This “good news” I was taught was downright horrifying. I remember coming home from school when I was 6 years old and no one was home. I thought for sure my family was raptured, and I was left behind. I can’t tell you the terrifying panic I felt as a little girl. This fear was always with me. Always afraid I would be left behind.

I believed in the rapture until I was 30 years old. My hope lived in my belief that “any day now” Jesus would come get me. I could escape and leave this shitty world behind. God was going to destroy it anyways. The worse things got, the closer we were to the coming of Jesus. There was no reason to try and change the world, or bring peace, heal the nations…my central purpose was to get others saved so they wouldn’t be left behind. However, I didn’t really believe this. It brought me fear and sadness. It didn’t bring hope or promise. Did I love others more than God did? I don’t want anyone destroyed. I don’t want any humans to suffer. I don’t want anyone to hurt. As I delved into my own spirit, I began to see a different ending. What if there was no rapture? What if the world was going to get better? What if the message in Revelation was, in fact, restoration of creation?

Now this, would be good news.

These questions led me to start over. I hit the reset button on my faith, and one of the first books I read was Barbara Rossing’s scholarly critique of the rapture in her best selling book, The Rapture Exposed: The Message of Hope in the Book of Revelation. Contrary to the premillenial dispensationalist vision of the Bible and geo-political events, Rossing argues that Christians are called to a renewal of the earth, not to await its destruction.
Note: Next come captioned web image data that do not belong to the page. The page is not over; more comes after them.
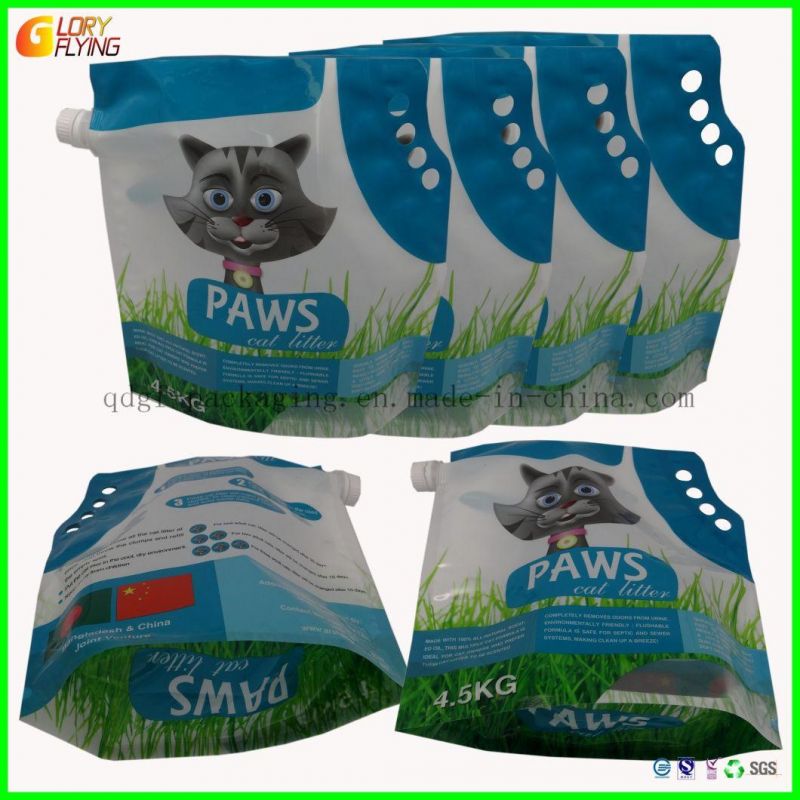 Manufacturer of Biodegradable Plastic Bags/Pet Food Packaging/Cat Sandbags, Mouth & Handle, Tobacco Bags, Frozen Fruit Bags, etc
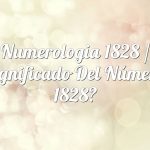 Numerología 1828 / Significado del número 1828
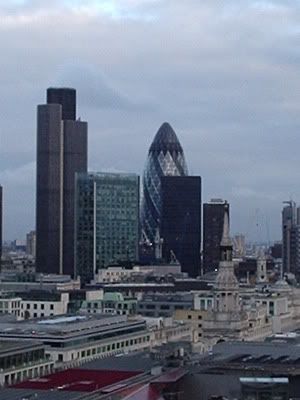 That suggestively shaped building is called The Gherkin.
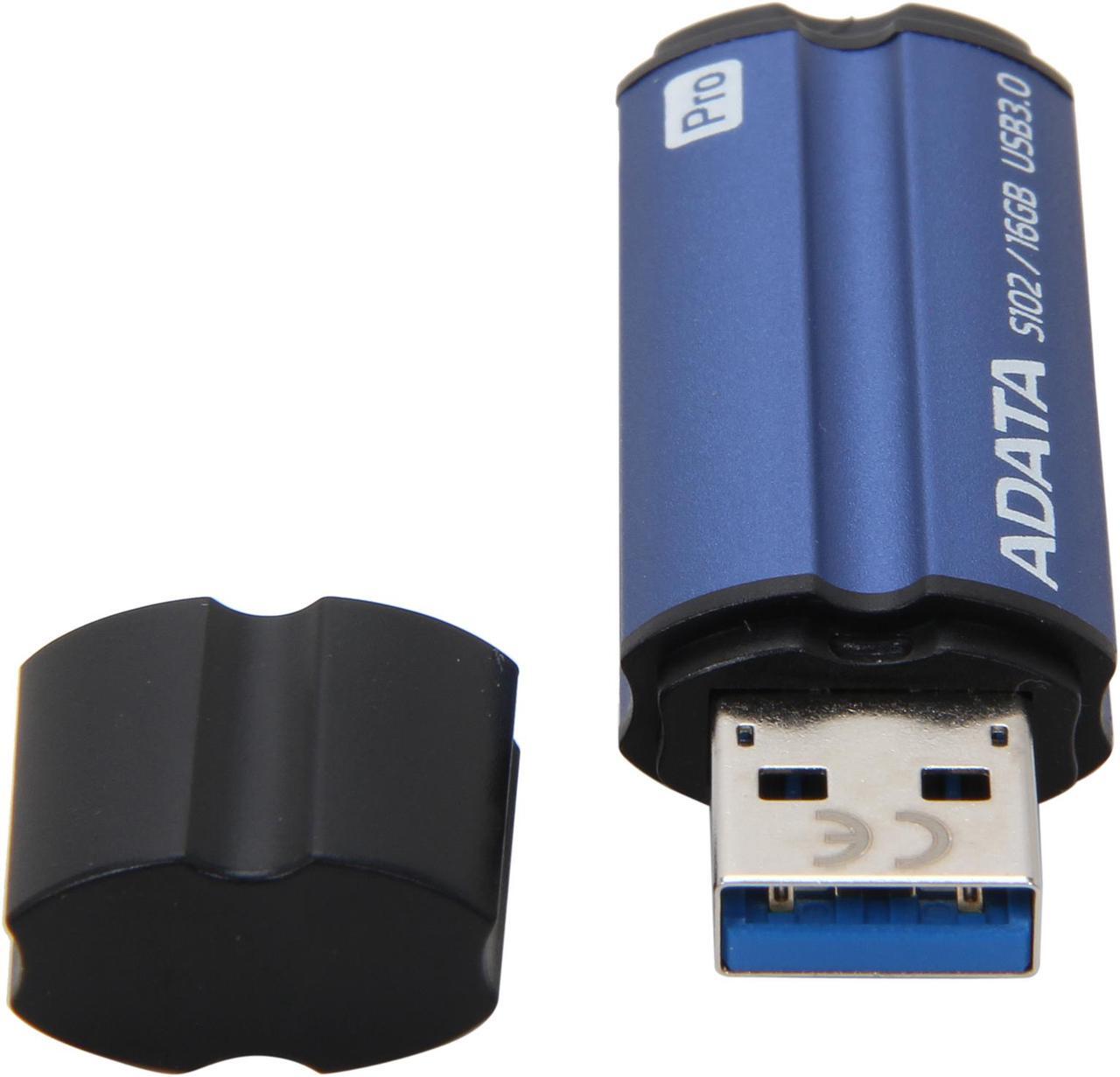 Alt view image 3 of 5 - ADATA 16GB S102 Pro Advanced USB 3.0 Flash Drive, Speed Up to 100MB/s (AS102P-16G-RBL)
We pray this in the Lord’s Prayer: “Thy will be done on earth as it is in heaven.” She writes, “The Lamb is leading us on an exodus out of the heart of empire, out of the heart of addiction to violence, greed, fear, an unjust lifestyle, or whatever holds each of us most captive. It is an exodus we can experience each day”.

During this reset, I had to unlearn everything and become a blank slate. I started reading the Gospels. Specifically, the words in red, the words of Jesus. I knew there were mistranslations. I knew there were misinterpretations, so my rule was to test what I was reading against my own spirit. If a story or message was present in at least three of the gospels, there was a pretty good chance it was a message I could rely on.
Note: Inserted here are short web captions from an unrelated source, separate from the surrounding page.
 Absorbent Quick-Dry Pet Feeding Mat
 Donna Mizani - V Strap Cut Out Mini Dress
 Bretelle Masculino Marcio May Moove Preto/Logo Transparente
The overwhelming message of the gospels is to preach the good news. However, the good news was completely different from what I was taught in fundamentalism. Jesus explains what the good news is to his disciples, before he died. Jesus preached the good news while he was alive. The good news was not wrapped up in his death, or his murder at the hands of the religious empire. Simply stated, and not theologically complicated, the good news was that the kingdom of heaven is near. It was a proclamation of freedom for the prisoners and recovery for the blind, to set the oppressed free. Jesus says the kingdom of heaven is within us. This place of unconditional love, healing, peace, forgiveness, and restoration for all people is found within us. This Kingdom begins in our mind. It is the light we seek. It is the world we desire. It is our dream and it is the age to come.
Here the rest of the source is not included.